Which graphs should be used with Tableau? A bar graph with a horizontal line representing the average values. This can be particularly useful for visualising how individual values are distributed relative to the average.
Example with Tableau: the following bar graph shows the average sales for each sub-category within broader product categories. This type of graph helps compare average sales on various levels of product detail and reveals which subcategories perform better or worse on average categories.
Variance and standard deviation
The variance measures how much the data spread out from the mean; in other words, it indicates how much the values in the dataset differ. The standard deviation is the square root of the variance. It provides a measure of the dispersion of the data in original units, making it easier to interpret than the variance.
Which graphs should be used with Tableau? A histogram showing the data distribution, with vertical lines superimposed to show the mean and standard deviation. This type of visualisation helps to understand the dispersion of the data around the mean.

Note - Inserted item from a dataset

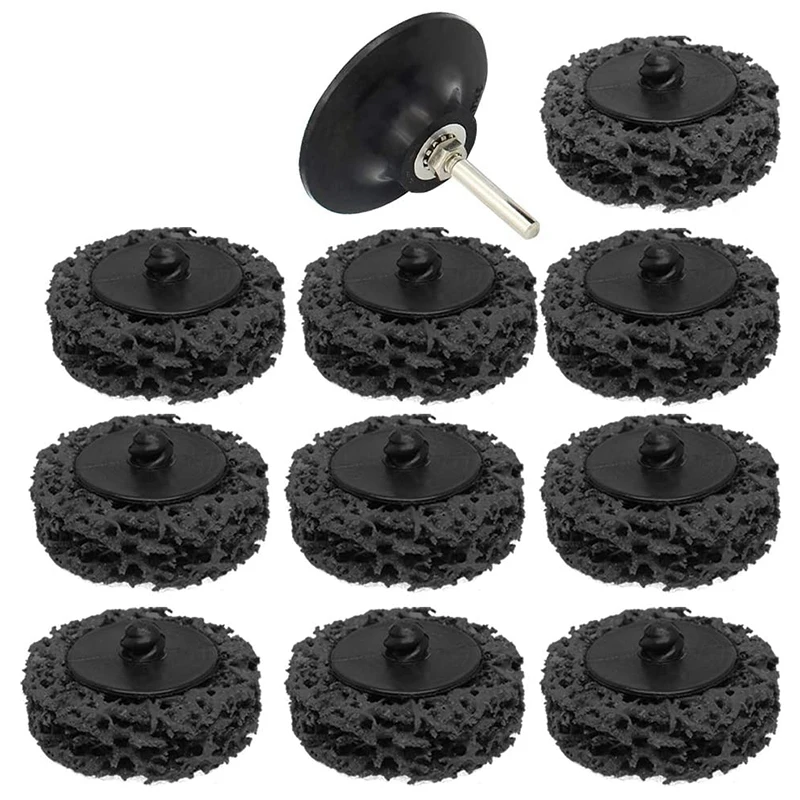 

Retail 2 Inch Cleaning & Stripping Quick Change Sanding Disc Remove Paint Rust And Oxidation 10Pcs Disc + 1Pcs Disc Pad Holder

Example with Tableau: In the following graph, we have exploited the analytical capabilities of Tableau to create a ‘control chart’, a quality tool used to monitor the stability and control of a process over time. A control chart helps identify anomalies and trends and enables companies to maintain efficient and predictable processes. The graph displays an example of monthly sales with several vital elements integrated:
- Time series: sales are represented in a time series to capture their evolution over time.
- Average sales: a reference line crosses the graph, showing the average monthly sales as a central reference point.
- Control limits: We set the upper and lower control limits at standard deviations from the mean (1-3). This defines the expected range of variation and identifies any data point that falls outside this range as a potentially significant signal.
- Indications of anomalies: points representing monthly sales above or below these thresholds indicate unusual events. For example, months with sales over three standard deviations from the mean are considered statistically improbable and might suggest the need for further investigation.
- The graph is interactive. Users can change the number of standard deviations for the control limits using a parameter, which allows a more or less conservative analysis. This offers a magnifying glass through which to examine fluctuations in sales: a parameter set at one standard deviation will highlight even minor volatility. In contrast, only three parameters will provide a view of the most drastic variations.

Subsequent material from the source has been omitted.